Captioned web images
────────
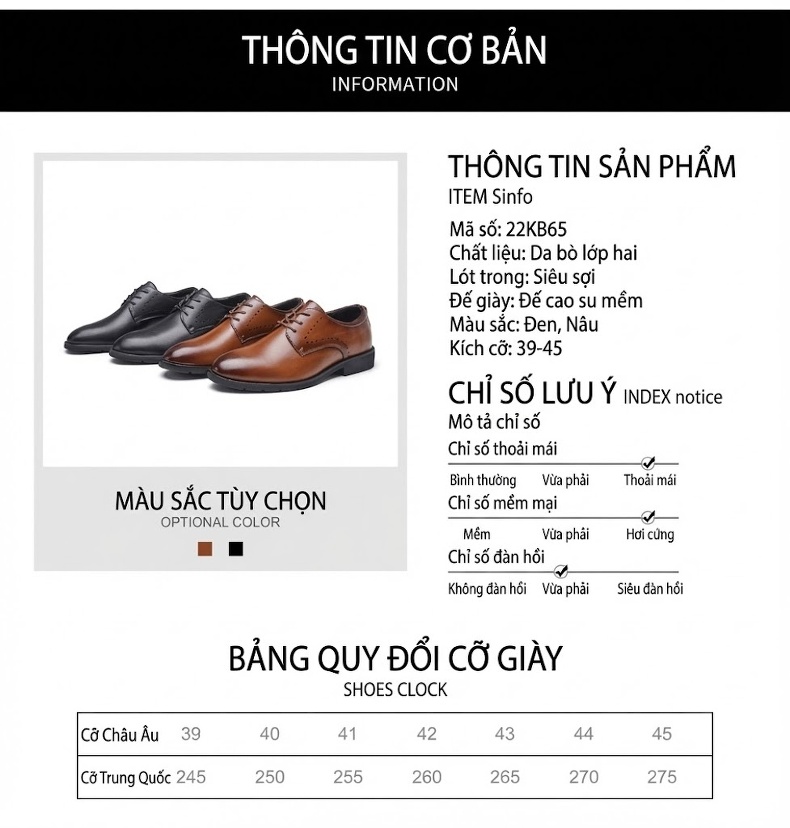 Giày Tây Buộc Dây Nam Da Thật Mũi Nhọn Chiều Cao Đế Khoảng 3cm Màu Đen, Nâu chi tiết 8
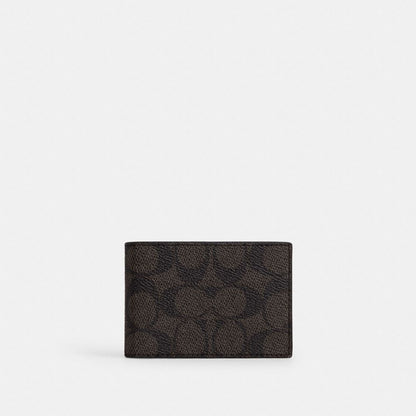 Coach Compact Billfold Wallet In Signature Canvas Walnut & Black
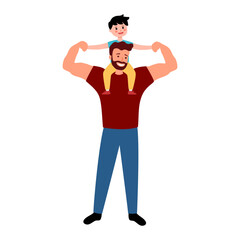 Dad holds son on his shoulders. Happy Father's day greeting card. Cartoon character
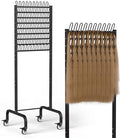 90 Pegs Braiding Hair Rack, Adjustable Metal Hair Separator Stand with Wheels, Hair Extension Holder for Hair Stylists, Braiders, Home, Salon, Beauty School, Black by Tigerden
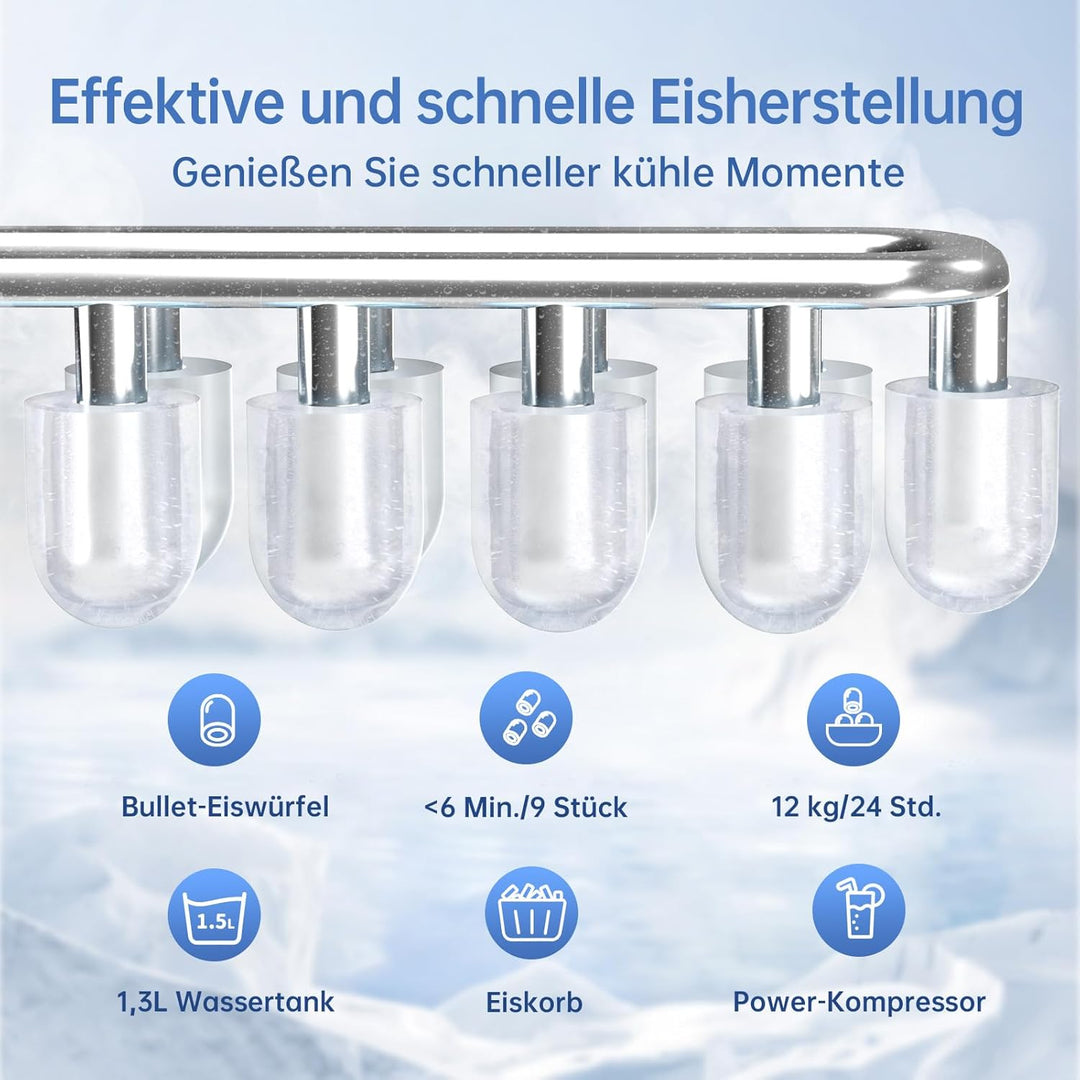 WIE Eiswürfelmaschine 12KG Eiswürfelbereiter Ice Maker, 9 Würfel in 6 Minuten fertig, Eiswürfelmasch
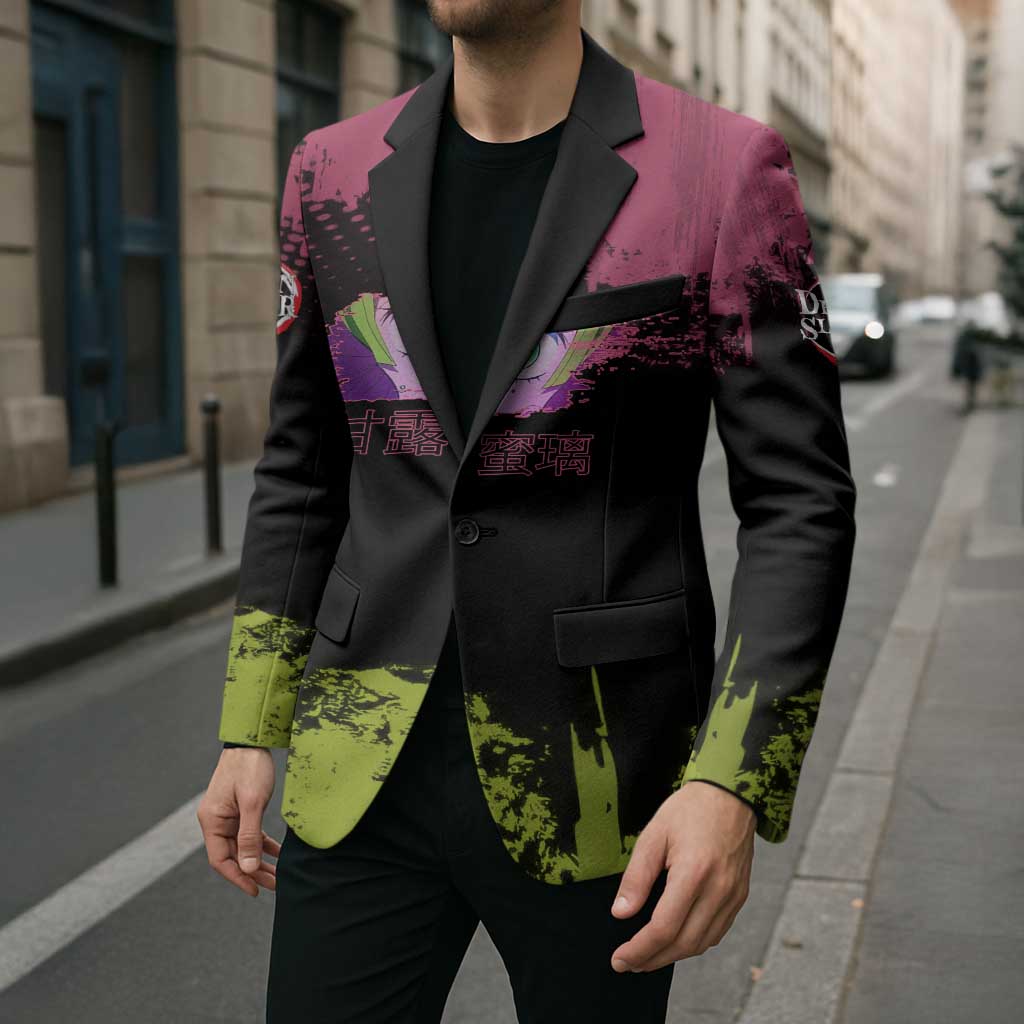 Mitsuri Kanroji Demon Slayer Pink and Green Grunge Design Blazer with Heart Eyes and Playful Pose - The Mazicc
────────
Give again, word for word, only the lines from the line containing "WIE Eiswürfelmaschine 12KG" through the last line above, both included; leave the pictures out.

 WIE Eiswürfelmaschine 12KG Eiswürfelbereiter Ice Maker, 9 Würfel in 6 Minuten fertig, Eiswürfelmasch
 Mitsuri Kanroji Demon Slayer Pink and Green Grunge Design Blazer with Heart Eyes and Playful Pose - The Mazicc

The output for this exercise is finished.